Art and Technology Studies Remote Talks: Kristin McWharter

Monday, November 09, 12:00 p.m.2:00 p.m.

Kristin McWharter is an artist whose practice uses multidisciplinary approaches to interrogate the relationship between competition and intimacy. She often integrates novel technologies and unexpected material forms to conjoin viewers within immersive sculptural installations and viewer- inclusive performances. Inspired by 20th century sports narrative, collective decision making, and technology as a contemporary spiritual authority, her work imagines new and alternative forms of social behaviors and relationships. Blurring the boundaries of social intimacy and hype culture the work challenges viewer's relationships to affection and antagonism within the larger social context. 

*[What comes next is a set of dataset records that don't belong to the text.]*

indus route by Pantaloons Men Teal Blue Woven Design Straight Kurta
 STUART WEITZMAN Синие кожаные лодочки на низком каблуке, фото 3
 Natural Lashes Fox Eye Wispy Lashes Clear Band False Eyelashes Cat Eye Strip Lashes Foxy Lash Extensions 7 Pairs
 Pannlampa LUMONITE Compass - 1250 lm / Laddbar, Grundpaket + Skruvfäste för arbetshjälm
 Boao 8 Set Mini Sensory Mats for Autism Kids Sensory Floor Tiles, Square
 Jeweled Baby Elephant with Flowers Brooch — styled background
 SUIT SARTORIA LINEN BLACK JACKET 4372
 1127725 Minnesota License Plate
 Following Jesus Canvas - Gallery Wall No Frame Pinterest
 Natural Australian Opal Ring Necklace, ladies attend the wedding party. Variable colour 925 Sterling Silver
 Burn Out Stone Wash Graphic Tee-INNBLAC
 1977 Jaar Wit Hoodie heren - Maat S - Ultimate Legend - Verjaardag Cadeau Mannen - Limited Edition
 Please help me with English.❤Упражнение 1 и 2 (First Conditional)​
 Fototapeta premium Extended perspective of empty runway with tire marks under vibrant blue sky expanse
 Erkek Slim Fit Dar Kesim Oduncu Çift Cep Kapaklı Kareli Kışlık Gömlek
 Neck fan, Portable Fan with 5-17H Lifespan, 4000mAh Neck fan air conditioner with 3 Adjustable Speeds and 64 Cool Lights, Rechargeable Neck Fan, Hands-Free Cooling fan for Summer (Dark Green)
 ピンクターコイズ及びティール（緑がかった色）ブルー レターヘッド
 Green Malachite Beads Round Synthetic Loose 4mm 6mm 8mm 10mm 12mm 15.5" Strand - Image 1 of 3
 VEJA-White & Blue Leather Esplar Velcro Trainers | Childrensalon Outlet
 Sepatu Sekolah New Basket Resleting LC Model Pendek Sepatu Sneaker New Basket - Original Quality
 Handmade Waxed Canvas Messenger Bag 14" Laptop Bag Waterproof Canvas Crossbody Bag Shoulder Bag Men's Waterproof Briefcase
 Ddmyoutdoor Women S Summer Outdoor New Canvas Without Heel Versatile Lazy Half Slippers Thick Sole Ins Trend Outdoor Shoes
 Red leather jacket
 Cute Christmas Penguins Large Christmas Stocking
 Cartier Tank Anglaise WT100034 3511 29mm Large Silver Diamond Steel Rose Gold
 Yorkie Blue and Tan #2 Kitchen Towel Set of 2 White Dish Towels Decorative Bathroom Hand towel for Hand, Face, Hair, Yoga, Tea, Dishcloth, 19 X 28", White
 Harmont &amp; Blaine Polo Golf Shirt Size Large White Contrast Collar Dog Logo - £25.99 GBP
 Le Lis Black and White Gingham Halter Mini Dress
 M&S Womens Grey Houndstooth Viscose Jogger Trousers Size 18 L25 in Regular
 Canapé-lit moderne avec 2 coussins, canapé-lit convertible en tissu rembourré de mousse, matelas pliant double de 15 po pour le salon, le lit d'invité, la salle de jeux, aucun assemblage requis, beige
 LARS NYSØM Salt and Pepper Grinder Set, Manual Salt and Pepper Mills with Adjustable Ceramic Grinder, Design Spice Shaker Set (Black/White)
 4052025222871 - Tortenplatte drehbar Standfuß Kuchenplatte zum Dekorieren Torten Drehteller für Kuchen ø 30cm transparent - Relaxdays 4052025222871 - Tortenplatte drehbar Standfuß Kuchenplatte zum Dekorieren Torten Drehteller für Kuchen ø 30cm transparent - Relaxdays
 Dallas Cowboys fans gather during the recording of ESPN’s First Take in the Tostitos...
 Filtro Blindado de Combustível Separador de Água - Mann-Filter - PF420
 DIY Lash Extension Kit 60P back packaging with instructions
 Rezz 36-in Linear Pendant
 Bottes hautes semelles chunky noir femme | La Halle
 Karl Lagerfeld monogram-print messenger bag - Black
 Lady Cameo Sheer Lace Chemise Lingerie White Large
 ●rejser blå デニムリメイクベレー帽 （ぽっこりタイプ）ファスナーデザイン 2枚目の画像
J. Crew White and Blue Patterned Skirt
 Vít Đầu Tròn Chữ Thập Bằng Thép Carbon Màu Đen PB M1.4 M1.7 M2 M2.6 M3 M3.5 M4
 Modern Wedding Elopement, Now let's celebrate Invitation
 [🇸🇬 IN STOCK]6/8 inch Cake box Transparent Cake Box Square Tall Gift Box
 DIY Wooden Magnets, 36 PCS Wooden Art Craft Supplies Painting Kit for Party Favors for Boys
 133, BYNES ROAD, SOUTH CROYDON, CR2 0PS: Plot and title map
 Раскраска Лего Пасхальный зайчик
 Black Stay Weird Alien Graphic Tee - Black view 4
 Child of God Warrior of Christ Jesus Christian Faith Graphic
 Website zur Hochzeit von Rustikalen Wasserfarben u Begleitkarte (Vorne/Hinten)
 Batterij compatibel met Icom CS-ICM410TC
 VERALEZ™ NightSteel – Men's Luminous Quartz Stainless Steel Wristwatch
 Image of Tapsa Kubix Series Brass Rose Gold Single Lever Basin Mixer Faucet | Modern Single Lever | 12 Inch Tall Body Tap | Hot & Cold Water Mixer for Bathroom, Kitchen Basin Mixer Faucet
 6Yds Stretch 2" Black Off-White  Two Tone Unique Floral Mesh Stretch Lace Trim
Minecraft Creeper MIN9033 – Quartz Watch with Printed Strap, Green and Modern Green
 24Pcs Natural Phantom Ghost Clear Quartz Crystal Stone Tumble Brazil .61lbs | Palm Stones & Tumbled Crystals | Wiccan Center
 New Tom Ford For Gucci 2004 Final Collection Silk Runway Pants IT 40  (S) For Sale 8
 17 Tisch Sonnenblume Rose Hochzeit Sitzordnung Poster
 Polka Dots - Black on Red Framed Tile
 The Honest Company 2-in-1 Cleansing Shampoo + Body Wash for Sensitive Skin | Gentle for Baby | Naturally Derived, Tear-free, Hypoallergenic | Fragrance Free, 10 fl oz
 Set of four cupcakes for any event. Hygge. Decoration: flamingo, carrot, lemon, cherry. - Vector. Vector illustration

Her work has been exhibited widely including at The Hammer Museum, Walt Disney Concert Hall, Bangkok Arts and Cultural Center, Ars Electronica in Linz, Austria, Museo Altillo Beni in Santa Cruz de la Sierra, Bolivia, and FILE Festival in Sao Paulo, Brazil. McWharter is an Assistant Professor in Art & Technology Studies at SAIC and received her MFA from UCLA in Design Media Arts. She teaches courses in experimental media, art & technology practices, and virtual reality.

How to be a Good Sport

I am struck by how access to virtual “togetherness” keeps us together at this time, it’s difficult to imagine if we would be able to coordinate as effectively without the assistance of webcams, living documents, and digital entertainment. However, I think this increasingly digital world also exposes perhaps a misleading rhetoric around what we mean by “connecting”. Adapting from the physical to an online format feels in some ways like an athletic feat. We are all training to compete in a changing world where the vulnerabilities of our bodies are driving our decision making.  It seems to me that the same structural inequalities that separate us in our physical world similarly affect and mediate our virtual relationships and so right now I am very interested in what it means for people to be “failing“ as digital athletes.